Output every record word for word, minus the pictures.

→ SUPPLIED MATERIAL:
<<<<
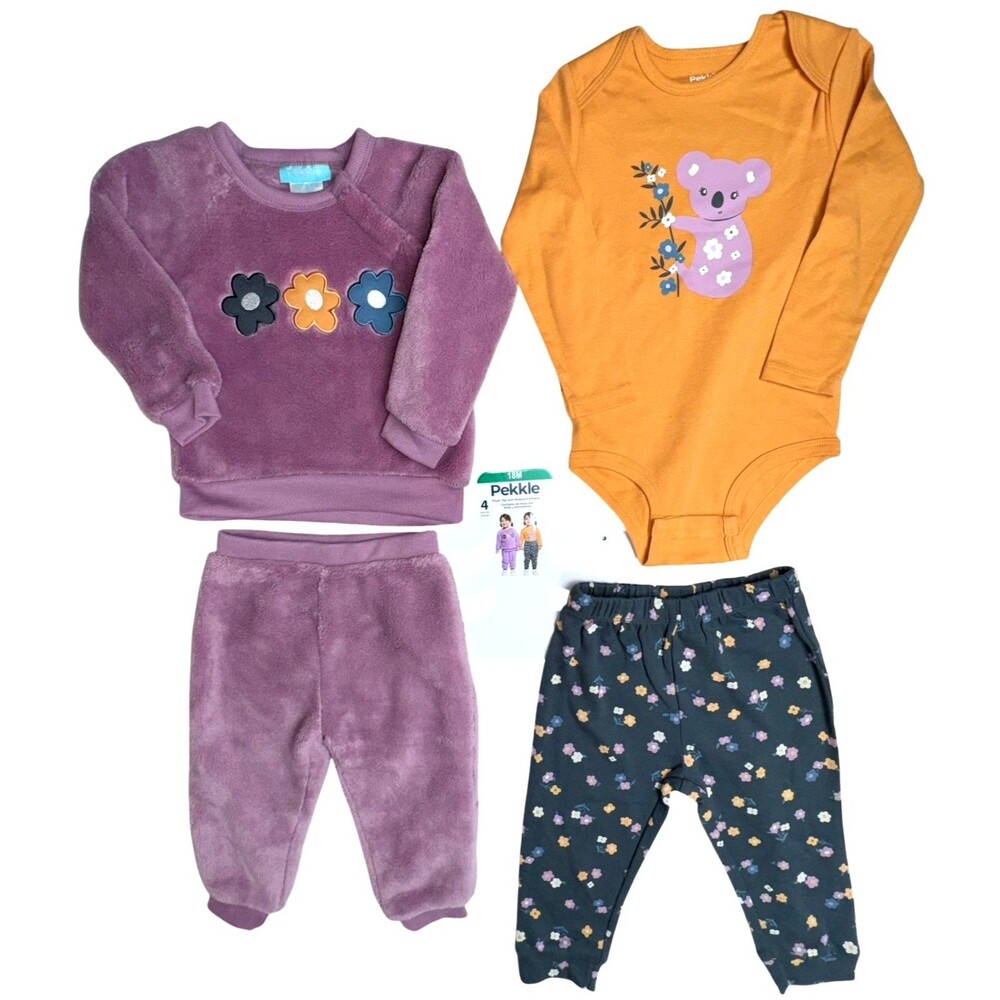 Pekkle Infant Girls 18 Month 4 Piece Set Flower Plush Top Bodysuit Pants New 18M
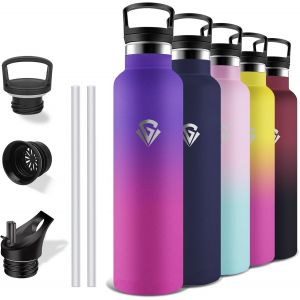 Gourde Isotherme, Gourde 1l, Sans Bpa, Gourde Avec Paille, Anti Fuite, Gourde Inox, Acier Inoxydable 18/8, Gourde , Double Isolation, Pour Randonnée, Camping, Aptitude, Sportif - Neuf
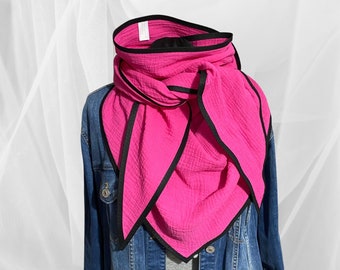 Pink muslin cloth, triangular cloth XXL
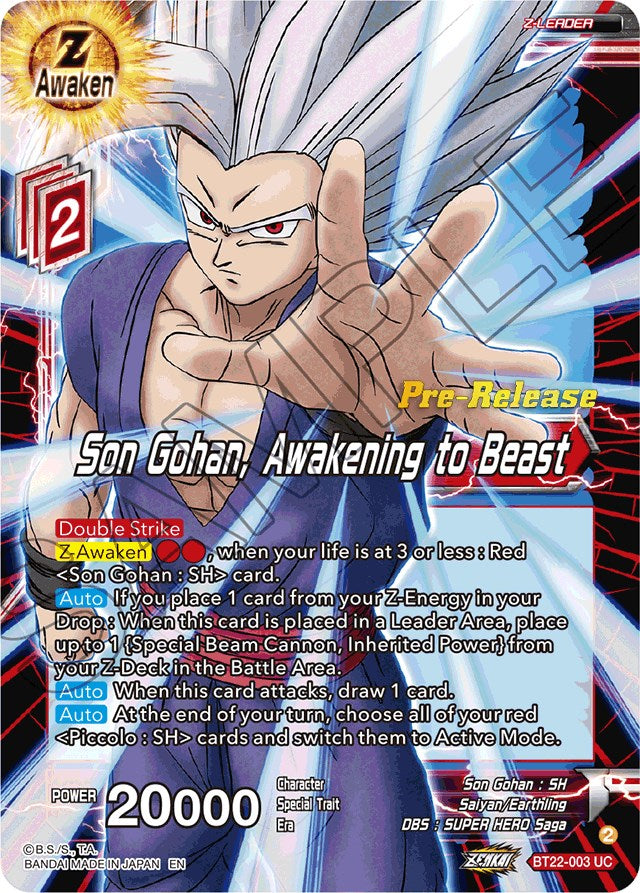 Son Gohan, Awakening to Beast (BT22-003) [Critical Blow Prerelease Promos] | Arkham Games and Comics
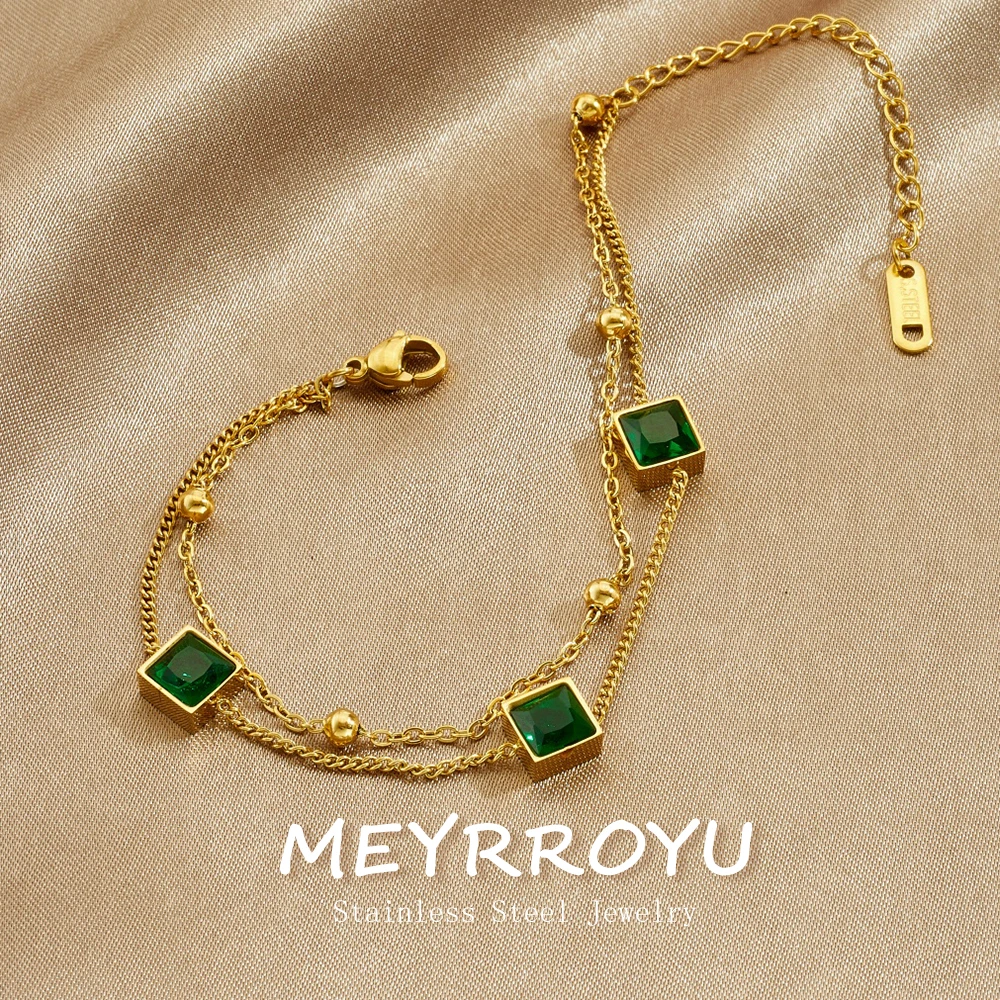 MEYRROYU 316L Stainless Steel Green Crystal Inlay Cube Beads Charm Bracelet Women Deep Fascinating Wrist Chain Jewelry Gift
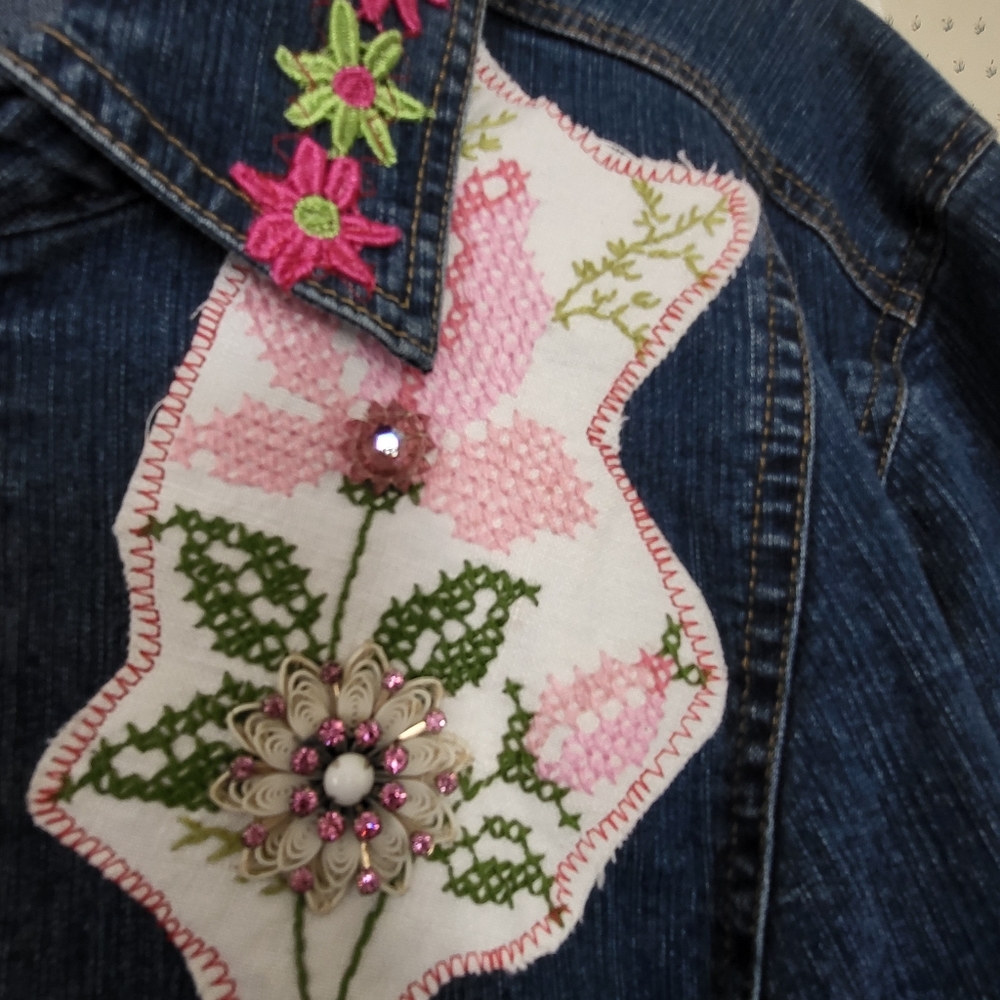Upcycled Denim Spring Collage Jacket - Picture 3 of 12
>>>>
→ RESULT:
 Pekkle Infant Girls 18 Month 4 Piece Set Flower Plush Top Bodysuit Pants New 18M
 Gourde Isotherme, Gourde 1l, Sans Bpa, Gourde Avec Paille, Anti Fuite, Gourde Inox, Acier Inoxydable 18/8, Gourde , Double Isolation, Pour Randonnée, Camping, Aptitude, Sportif - Neuf
 Pink muslin cloth, triangular cloth XXL
 Son Gohan, Awakening to Beast (BT22-003) [Critical Blow Prerelease Promos] | Arkham Games and Comics
 MEYRROYU 316L Stainless Steel Green Crystal Inlay Cube Beads Charm Bracelet Women Deep Fascinating Wrist Chain Jewelry Gift
Upcycled Denim Spring Collage Jacket - Picture 3 of 12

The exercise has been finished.